The chicken before the egg


One of my chickens is dying.  On Monday morning when I went to give my small flock of seven some food and water she had that look that I’ve come to recognize as the dying chicken look.  She was huddled on the ground instead of perched up high on the branches I’ve arranged inside the henhouse and she didn’t show any interest in what I was bringing.  I thought she’d be dead by the end of the day, but she’s been hanging in there all week.

This isn’t anything new.  I’ve been keeping chickens for quite a few years now and we’ve watched many of them grow old and die.  Some people are very systematic about culling their chickens in order to keep their egg yield high, but I don’t have it in me to kill something just because its productivity isn’t optimal.  I did banish one from the coop once when she wouldn’t stop eating eggs and I found a pile of feathers a few days later.

I first started raising chickens when my children were little and I didn’t work away from home.  It was always exciting to get the baby chicks in the spring.  We’d go to the feed store and each kid would choose one that they could call their own.  Adella usually chose a Buff Orpington.  Dillon was partial to the black and white spotted Barred Rocks.  We raised them in cardboard boxes in the house for a few weeks before we introduced them to the older hens in the coop.   My kids were proud of their chickens and loved showing them off to their neighbor friends.

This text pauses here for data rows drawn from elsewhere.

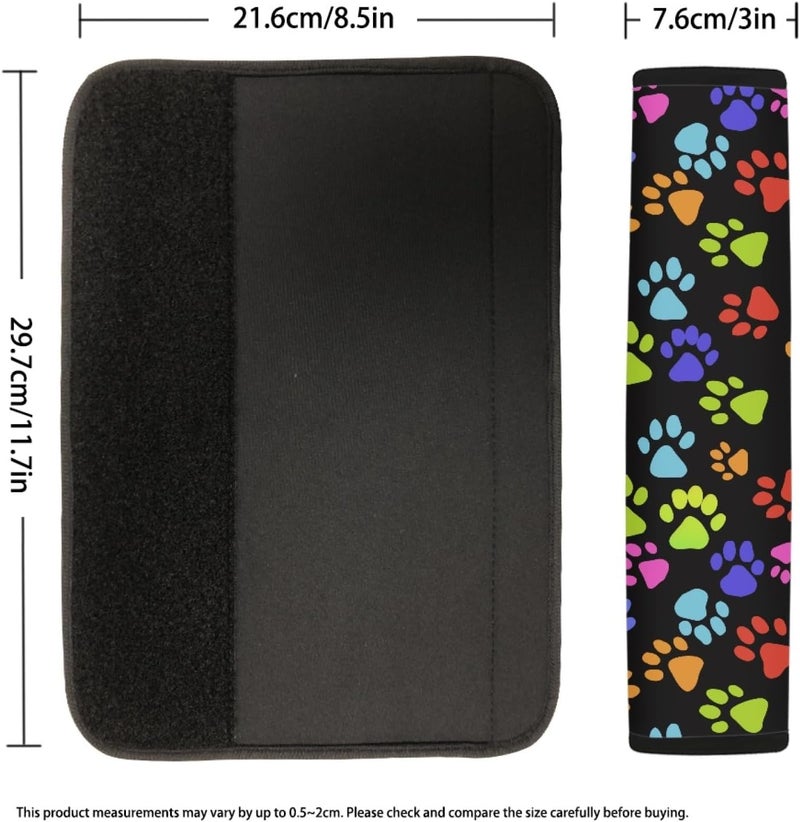 Dreaweet Colorful Dog Paw Print Seat Belt Shoulder Pads Covers - Image 2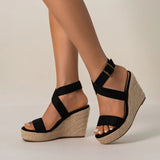 2024 Summer Holiday Style Hemp Bottom Slope Heel Thick Sole Women's Sandals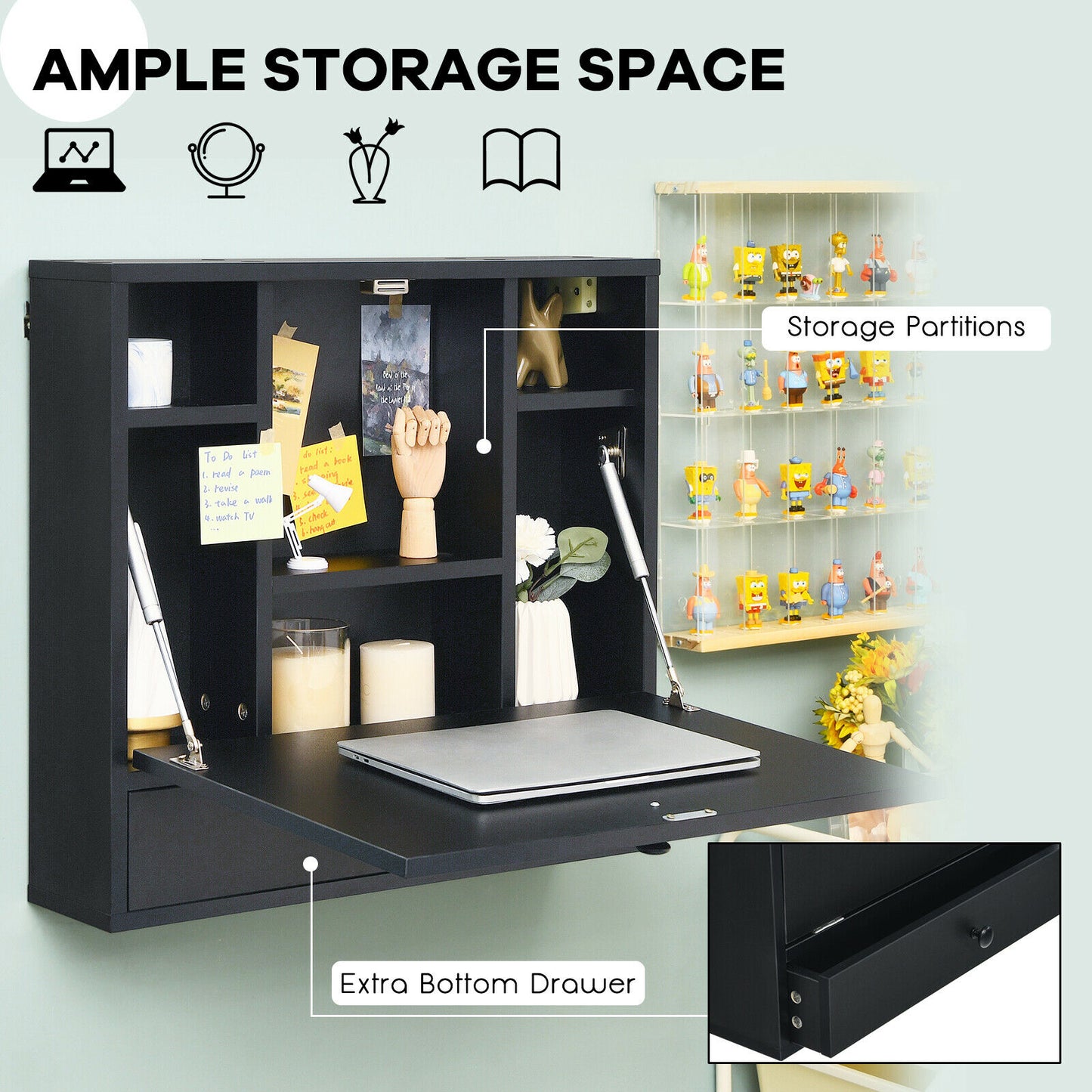 Wall-Mount Floating Desk Foldable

Times have changed though.  Now that my kids are teenagers they show no interest whatsoever in anything farm or garden related and I spend big chunks of my time away from home.  I’m pretty sure it no longer makes sense to keep chickens.  I should probably make my life easier by buying eggs at the store like most reasonable people, but I guess my chickens aren’t just about the eggs.

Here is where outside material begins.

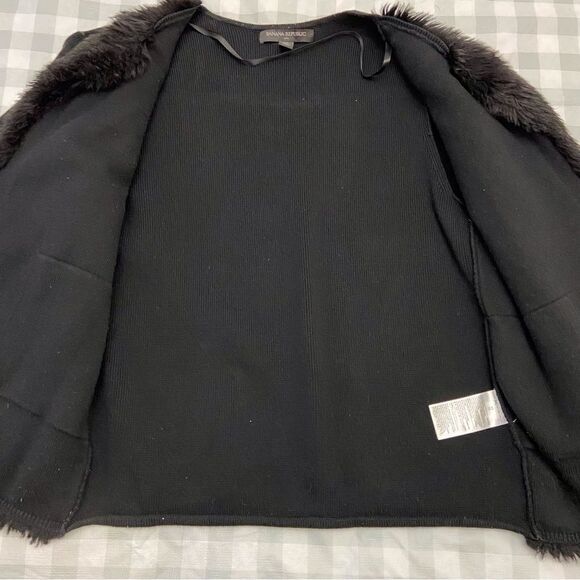 BANANA Republic black cardigan faux fur and cotton vest cardigan in XS - Picture 7 of 14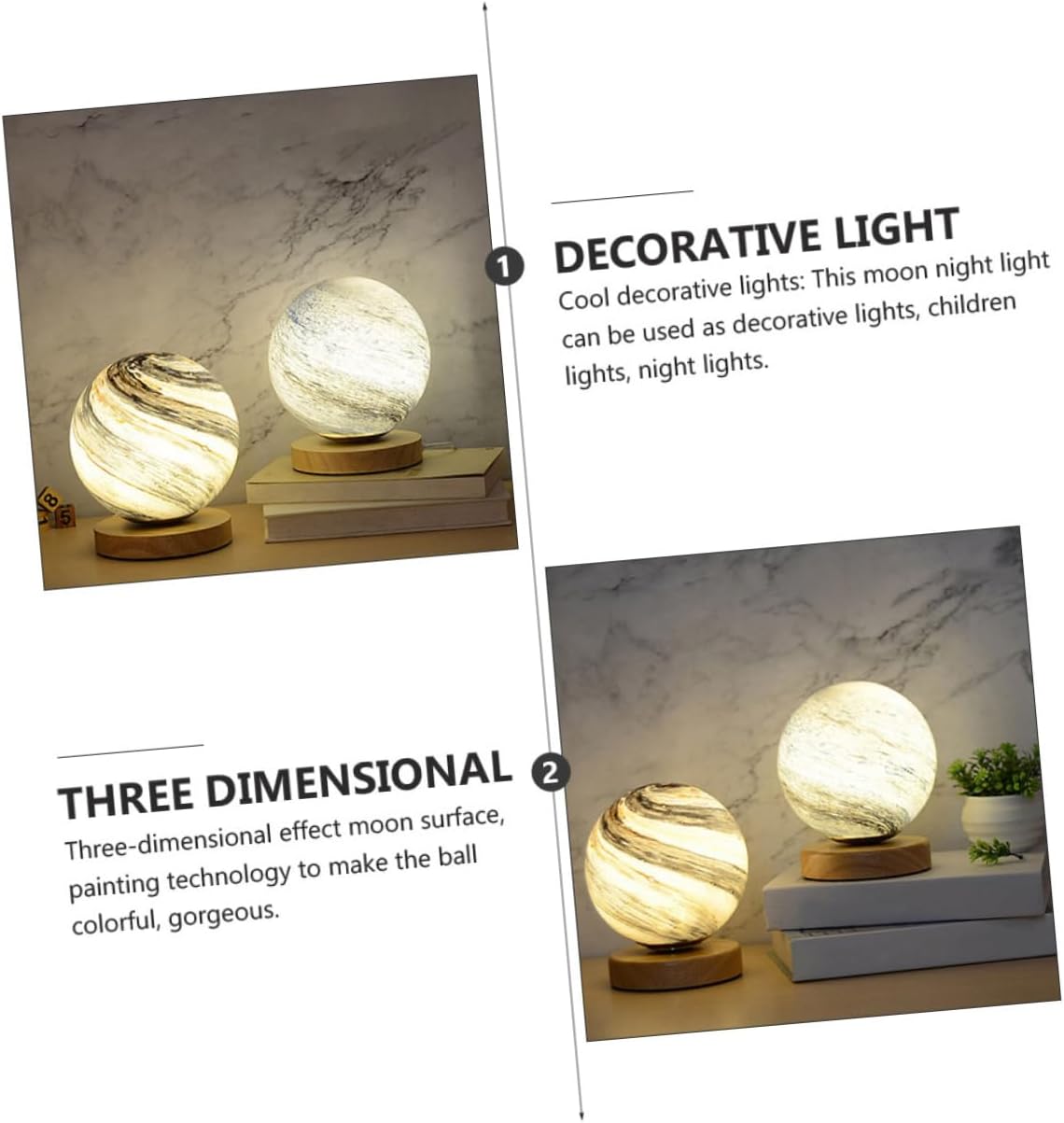 1pc Creative Moon Lamp Glass Led Bedside Night Light Button Romantic Design for Bedroom Decor Unique for Special Occasions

I love to watch them in the spring after the soil thaws; manic in their search for worms after a long winter.  I love that to them, nothing is more luxurious than a dust bath.  They remind me that a good life isn’t always about high productivity.  It’s more about enjoying the life we’ve been given.

5 thoughts on “The chicken before the egg”

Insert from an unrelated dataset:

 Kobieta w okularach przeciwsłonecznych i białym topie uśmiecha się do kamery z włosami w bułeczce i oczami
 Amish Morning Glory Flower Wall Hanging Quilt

  1. To everything, there is a season. Your thoughtful prose reminded me of my Earth Mother season and the chickens we raised in Gustavus. Sweet Memories!

  2. Thank you for this at a time of my life when I feel my productivity isn’t what it used to be. Somedays it is just nice to eat, drink and scratch around and not produce anything, but still be loved and appreciated. I miss your chickens!

  3. My mother and I were just talking about enjoying life in the later years during breakfast while eating our home-raised eggs. I bought my dad six hens for his 70th birthday back in July.